Output each of the entries exactly, skipping every picture they contain.

**Brief descriptive captions**
- Opening Delimiter -

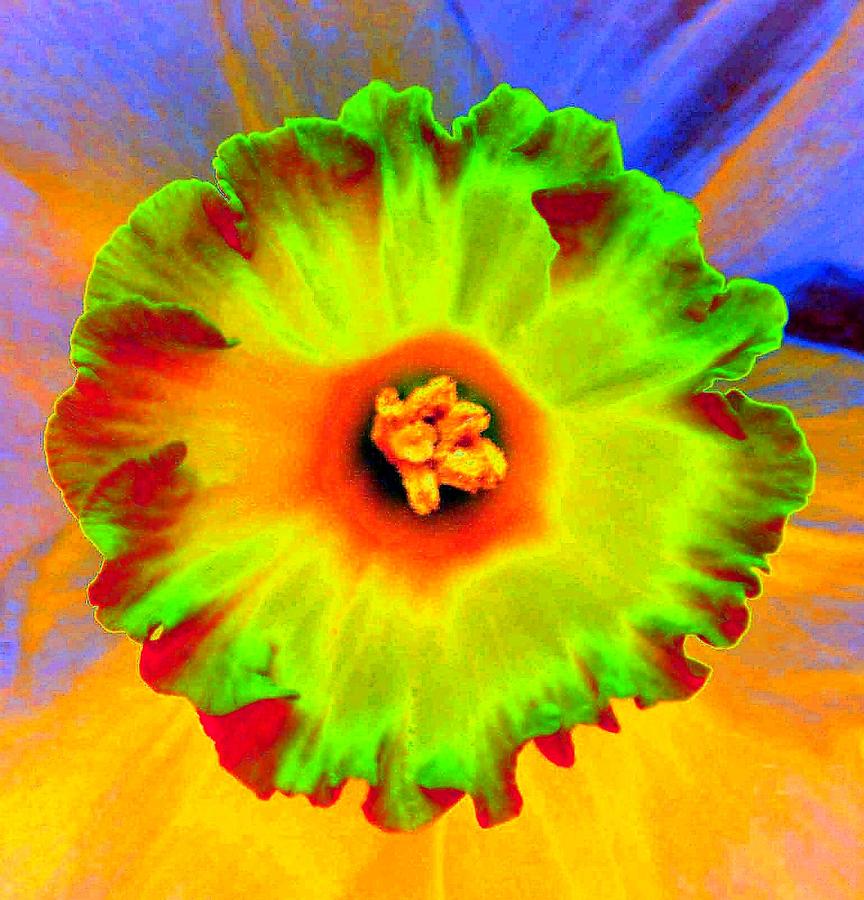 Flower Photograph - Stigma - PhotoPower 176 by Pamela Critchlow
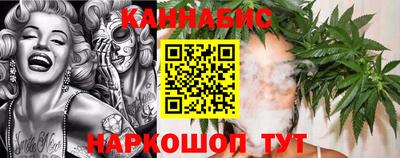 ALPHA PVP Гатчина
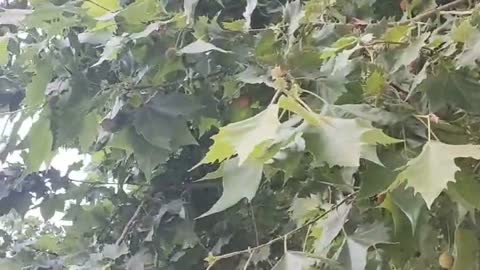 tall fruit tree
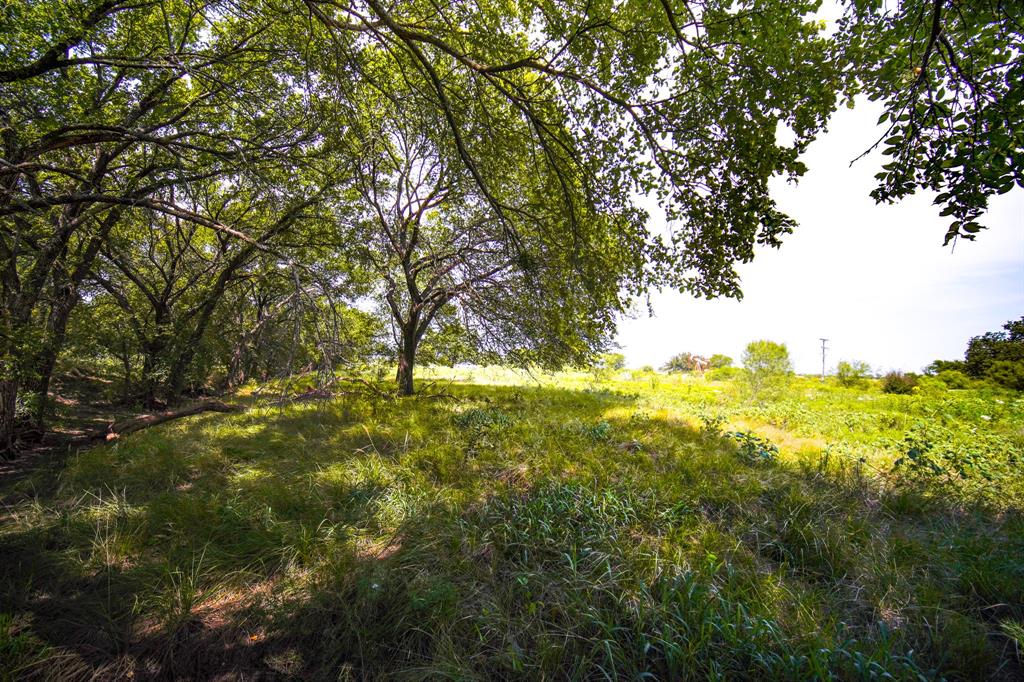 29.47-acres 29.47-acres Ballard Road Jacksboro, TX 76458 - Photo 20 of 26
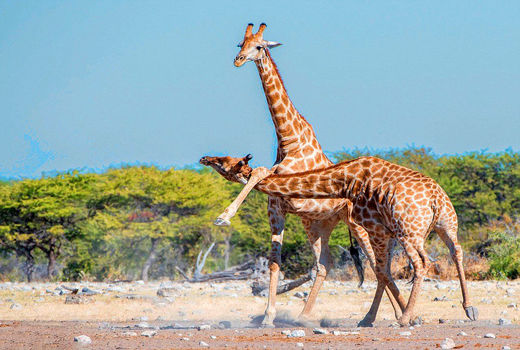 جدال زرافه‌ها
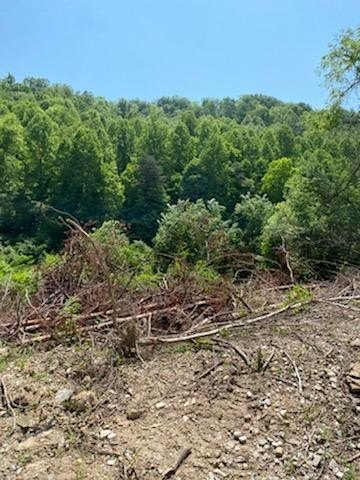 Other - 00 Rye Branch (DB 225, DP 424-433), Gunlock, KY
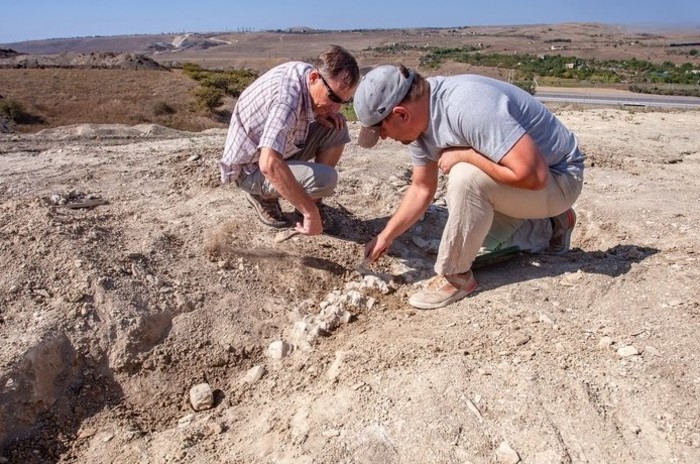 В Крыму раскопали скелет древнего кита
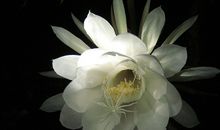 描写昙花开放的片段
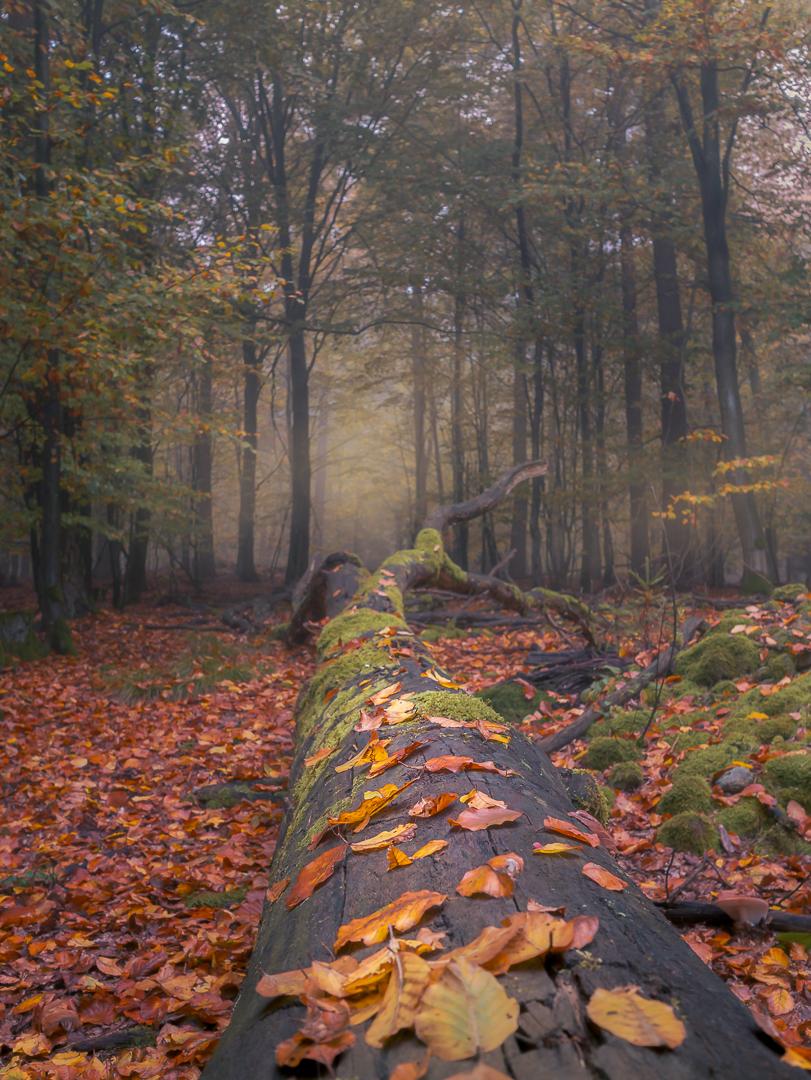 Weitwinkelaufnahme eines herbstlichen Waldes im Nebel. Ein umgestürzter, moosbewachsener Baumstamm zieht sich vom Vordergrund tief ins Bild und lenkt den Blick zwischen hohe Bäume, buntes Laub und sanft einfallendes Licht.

- Closing Delimiter -

**Reply**
 Flower Photograph - Stigma - PhotoPower 176 by Pamela Critchlow
 ALPHA PVP Гатчина
 tall fruit tree
 29.47-acres 29.47-acres Ballard Road Jacksboro, TX 76458 - Photo 20 of 26
 جدال زرافه‌ها
 Other - 00 Rye Branch (DB 225, DP 424-433), Gunlock, KY
 В Крыму раскопали скелет древнего кита
 描写昙花开放的片段
 Weitwinkelaufnahme eines herbstlichen Waldes im Nebel. Ein umgestürzter, moosbewachsener Baumstamm zieht sich vom Vordergrund tief ins Bild und lenkt den Blick zwischen hohe Bäume, buntes Laub und sanft einfallendes Licht.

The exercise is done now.